**DIRECTIONS FOR THIS TASK**
Pick out each line in these entries that contains the string "Trang".

**Dataset entries**
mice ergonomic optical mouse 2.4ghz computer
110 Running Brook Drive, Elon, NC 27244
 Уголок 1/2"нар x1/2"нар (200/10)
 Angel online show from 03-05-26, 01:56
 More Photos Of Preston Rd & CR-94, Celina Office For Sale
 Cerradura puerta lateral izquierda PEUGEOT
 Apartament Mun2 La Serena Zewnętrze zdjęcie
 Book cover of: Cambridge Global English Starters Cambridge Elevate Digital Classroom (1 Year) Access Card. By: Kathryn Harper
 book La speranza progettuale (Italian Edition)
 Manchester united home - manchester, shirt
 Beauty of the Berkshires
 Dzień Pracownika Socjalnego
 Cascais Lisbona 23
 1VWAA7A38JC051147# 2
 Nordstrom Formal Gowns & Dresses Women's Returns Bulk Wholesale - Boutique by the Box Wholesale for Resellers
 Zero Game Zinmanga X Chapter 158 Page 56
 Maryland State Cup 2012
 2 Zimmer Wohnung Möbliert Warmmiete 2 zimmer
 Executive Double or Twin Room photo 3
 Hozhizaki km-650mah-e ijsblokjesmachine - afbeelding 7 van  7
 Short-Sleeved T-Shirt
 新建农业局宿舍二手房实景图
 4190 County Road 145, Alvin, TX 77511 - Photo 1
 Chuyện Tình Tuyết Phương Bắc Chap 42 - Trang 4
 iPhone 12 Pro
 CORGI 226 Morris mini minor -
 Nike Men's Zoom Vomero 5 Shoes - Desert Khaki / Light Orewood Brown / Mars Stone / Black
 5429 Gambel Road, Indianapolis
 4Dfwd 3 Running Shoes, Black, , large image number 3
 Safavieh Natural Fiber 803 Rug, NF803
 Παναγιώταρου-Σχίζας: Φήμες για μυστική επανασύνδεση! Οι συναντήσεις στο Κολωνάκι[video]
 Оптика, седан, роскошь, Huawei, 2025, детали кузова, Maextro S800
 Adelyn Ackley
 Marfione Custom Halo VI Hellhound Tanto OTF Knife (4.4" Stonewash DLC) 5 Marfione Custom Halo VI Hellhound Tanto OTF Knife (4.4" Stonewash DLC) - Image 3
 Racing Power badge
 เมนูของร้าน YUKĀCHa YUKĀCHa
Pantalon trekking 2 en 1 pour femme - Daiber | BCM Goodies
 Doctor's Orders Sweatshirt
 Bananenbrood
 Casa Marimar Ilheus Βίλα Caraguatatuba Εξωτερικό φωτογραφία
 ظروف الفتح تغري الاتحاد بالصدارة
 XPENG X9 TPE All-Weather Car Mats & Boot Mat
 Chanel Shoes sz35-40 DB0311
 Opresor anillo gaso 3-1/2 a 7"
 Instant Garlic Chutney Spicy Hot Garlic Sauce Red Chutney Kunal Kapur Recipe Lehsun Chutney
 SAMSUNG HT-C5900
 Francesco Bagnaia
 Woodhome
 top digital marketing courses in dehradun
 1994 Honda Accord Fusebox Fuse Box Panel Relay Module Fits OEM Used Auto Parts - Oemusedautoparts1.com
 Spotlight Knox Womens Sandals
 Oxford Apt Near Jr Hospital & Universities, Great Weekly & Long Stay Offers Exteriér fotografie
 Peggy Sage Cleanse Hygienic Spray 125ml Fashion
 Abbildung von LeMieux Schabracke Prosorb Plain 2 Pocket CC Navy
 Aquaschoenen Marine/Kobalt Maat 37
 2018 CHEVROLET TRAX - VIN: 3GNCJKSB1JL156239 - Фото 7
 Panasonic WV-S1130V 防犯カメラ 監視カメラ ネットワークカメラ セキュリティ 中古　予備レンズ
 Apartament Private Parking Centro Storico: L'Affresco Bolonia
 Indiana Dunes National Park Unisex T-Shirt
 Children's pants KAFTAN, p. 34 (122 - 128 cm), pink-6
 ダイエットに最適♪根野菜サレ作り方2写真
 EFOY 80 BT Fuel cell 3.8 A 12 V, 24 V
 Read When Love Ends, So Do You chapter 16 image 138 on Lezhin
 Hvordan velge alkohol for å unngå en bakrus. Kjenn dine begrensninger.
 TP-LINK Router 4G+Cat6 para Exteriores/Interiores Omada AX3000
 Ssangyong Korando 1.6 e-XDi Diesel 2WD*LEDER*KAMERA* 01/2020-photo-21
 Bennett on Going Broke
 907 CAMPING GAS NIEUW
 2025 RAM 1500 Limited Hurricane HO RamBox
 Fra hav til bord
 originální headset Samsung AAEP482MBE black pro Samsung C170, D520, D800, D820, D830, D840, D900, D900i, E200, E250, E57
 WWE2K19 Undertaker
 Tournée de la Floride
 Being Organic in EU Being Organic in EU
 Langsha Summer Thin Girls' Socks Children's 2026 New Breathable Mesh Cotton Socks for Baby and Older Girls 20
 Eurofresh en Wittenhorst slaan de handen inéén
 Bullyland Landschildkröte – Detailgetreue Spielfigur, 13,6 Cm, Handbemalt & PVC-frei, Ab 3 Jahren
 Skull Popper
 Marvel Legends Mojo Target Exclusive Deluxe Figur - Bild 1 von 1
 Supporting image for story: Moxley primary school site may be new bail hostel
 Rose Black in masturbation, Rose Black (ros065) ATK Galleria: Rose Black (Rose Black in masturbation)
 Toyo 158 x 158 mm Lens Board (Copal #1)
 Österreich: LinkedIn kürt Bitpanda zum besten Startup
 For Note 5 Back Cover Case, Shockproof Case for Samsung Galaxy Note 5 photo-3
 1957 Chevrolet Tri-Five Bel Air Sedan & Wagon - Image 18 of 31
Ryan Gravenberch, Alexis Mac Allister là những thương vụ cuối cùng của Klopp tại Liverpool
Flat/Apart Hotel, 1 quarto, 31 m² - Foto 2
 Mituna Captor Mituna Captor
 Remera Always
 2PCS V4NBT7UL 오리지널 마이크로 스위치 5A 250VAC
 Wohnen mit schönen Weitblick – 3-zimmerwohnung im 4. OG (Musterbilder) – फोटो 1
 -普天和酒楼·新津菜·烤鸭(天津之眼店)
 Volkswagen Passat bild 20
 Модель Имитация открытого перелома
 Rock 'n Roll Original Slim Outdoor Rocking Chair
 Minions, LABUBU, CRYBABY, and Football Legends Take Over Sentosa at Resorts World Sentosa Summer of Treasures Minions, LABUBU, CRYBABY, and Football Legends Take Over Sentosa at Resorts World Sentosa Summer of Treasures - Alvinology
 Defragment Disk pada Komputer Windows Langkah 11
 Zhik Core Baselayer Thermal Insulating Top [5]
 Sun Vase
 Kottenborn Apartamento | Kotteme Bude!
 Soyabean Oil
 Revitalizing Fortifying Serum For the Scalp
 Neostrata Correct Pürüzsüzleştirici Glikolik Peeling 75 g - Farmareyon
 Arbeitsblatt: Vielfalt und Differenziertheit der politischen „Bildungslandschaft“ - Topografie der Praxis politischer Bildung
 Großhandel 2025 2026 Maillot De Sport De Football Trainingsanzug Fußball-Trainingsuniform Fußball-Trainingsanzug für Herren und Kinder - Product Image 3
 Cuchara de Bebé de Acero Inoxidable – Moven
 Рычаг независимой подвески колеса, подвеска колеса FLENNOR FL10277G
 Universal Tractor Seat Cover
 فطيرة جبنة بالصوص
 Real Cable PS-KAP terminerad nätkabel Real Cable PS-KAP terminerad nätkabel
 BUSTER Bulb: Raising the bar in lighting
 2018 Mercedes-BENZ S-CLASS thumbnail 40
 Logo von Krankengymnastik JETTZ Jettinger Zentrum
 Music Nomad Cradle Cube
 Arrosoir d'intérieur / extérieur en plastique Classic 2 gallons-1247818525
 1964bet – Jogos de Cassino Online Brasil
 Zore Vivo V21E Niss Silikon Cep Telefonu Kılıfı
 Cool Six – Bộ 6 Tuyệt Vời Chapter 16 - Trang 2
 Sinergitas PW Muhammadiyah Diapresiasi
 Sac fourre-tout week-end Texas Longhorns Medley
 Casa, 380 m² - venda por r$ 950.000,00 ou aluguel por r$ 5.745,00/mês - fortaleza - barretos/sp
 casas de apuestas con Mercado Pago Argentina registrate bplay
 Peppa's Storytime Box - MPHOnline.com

**EXERCISE RESPONSE**
 Chuyện Tình Tuyết Phương Bắc Chap 42 - Trang 4
 Cool Six – Bộ 6 Tuyệt Vời Chapter 16 - Trang 2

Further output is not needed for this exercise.